Tara exports artists’ canvases from the United States to Canada. Apparently, it dual sources fungible fabric used to make the canvases and some of it comes from outside of North America. In an on-site verification by CBSA, it was determined that Tara’s production resulted in goods that are originating 72% of the time and non-originating 28% of the time.

In these circumstances, the NAFTA permits the producer to employ an inventory management system to determine the origin of the material used to produce any given finished item. This is set out in Article 406 of the NAFTA, which states in part that: “where originating and non-originating fungible materials are used in the production of a good, the determination of whether the materials are originating need not be made through the identification of any specific fungible material, but may be determined on the basis of any of the inventory management methods set out in the Uniform Regulations.” In other words, NAFTA  personified does not care if canvas number 1 is really originating and canvas number 10 is really non-originating, so long as only 72% of the canvases are treated as originating.

The U.S. regulations implementing this provision are at 19 C.F.R. Pt. 181, App. § 7(16). The origin of the fungible materials may be determined based upon an inventory accounting methodology set out in Schedule X. Those methodologies include specific identification, First In First Out, Last in Last Out, and averaging. 

In Tara, everyone agreed that finished canvases produced from originating fabric are originating and that finished canvases made from non-originating materials are not originating. The disagreement relates to the application of the Schedule X to fungible goods.

Under the averaging methodology, the producer determines the ratio of originating to non-originating materials in inventory. Schedule X states that the ratio can be applied to determine the origin of materials withdrawn from inventory. However, with respect to fungible goods, the determination applies to “each shipment” of fungible goods. "Crap!," you say. That means each shipment must be treated as nearly 30% non-originating, and that makes certification a hassle. It also creates grief for the customer. 

Tara countered that it had selected the averaging methodology applicable to fungible materials, not fungible goods so the “per shipment” limitation applicable to finished goods did not apply to its products. As a result, Tara claimed the right to allocate 100% of its originating goods (or 72% of its production) to exports to Canada, where they benefit from NAFTA treatment. The remaining 28% would be sold to U.S. customers, who do not necessarily care about the NAFTA status of the goods. 

The tribunal disagreed and held that the two regulations address two distinct segments of the production and distribution process. Section 7(16)(a) deals with production while section 7(16)(b) deals with the finished goods. Thus, the two determinations are applied in succession. Schedule X requires that the latter determination be applied to shipments.

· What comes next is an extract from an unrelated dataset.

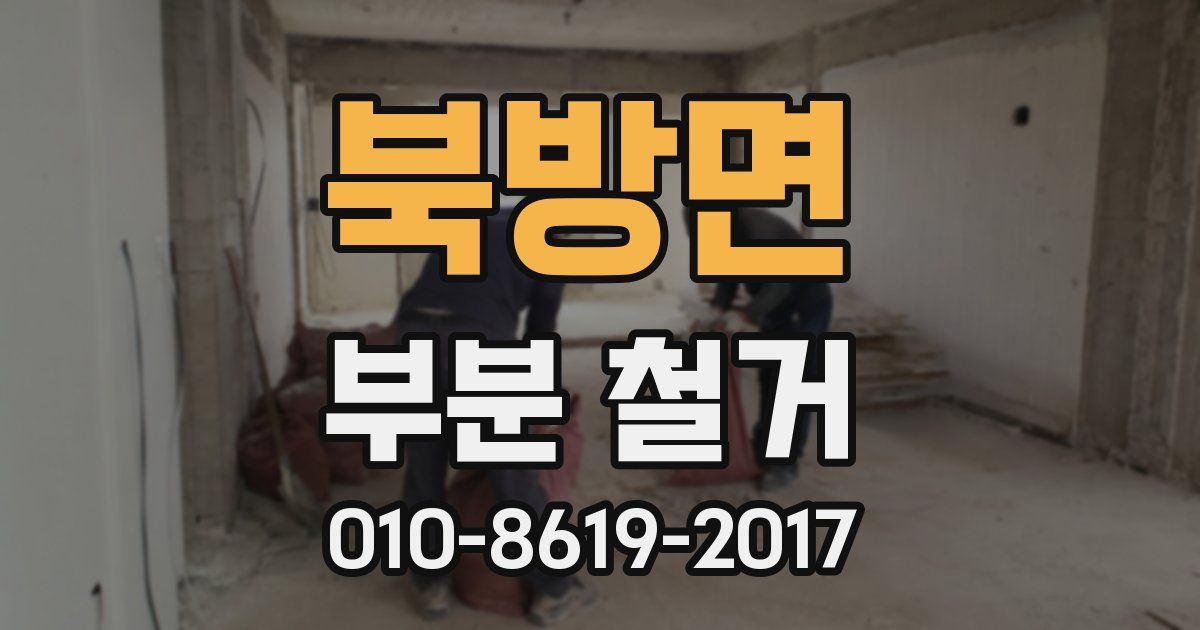 북방면 부분 철거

The regulations with respect to fungible goods apply only where the goods are combined or mixed in inventory. In this case, found that the originating and non-originating canvases were mixed in inventory.
Thus, the remaining question was whether § 7(16.1) requires the use of the same inventory accounting methodology for materials and for goods. That is required where “both fungible materials and fungible goods are withdrawn from the same inventory.” According to Tara, it maintained inventories of materials and finished goods in separate rooms. Consequently, it may choose to apply the specific identification methodology to its finished goods and is not bound by the application of the averaging ratio to shipments. 

CBSA disagreed, arguing for an expansive definition of inventory that encompassed both materials and finished goods. The Tribunal refused to accept Tara’s narrow definition because it is unlikely that producers would ever physically mix production materials and finished goods. Rather, the Tribunal found it sufficient that Tara had finished goods and materials in the same warehouse. As a result, § 7(16.1) applied, forcing Tara to apply the averaging methodology to each shipment of finished goods.

This certainly not the best result for producers. Companies would like to have the maximum flexibility in allocating their originating goods to customers who can most benefit. Nevertheless, this decision, assuming it remains the final word, does provide a solid basis on which producers can determine how to manage their NAFTA systems.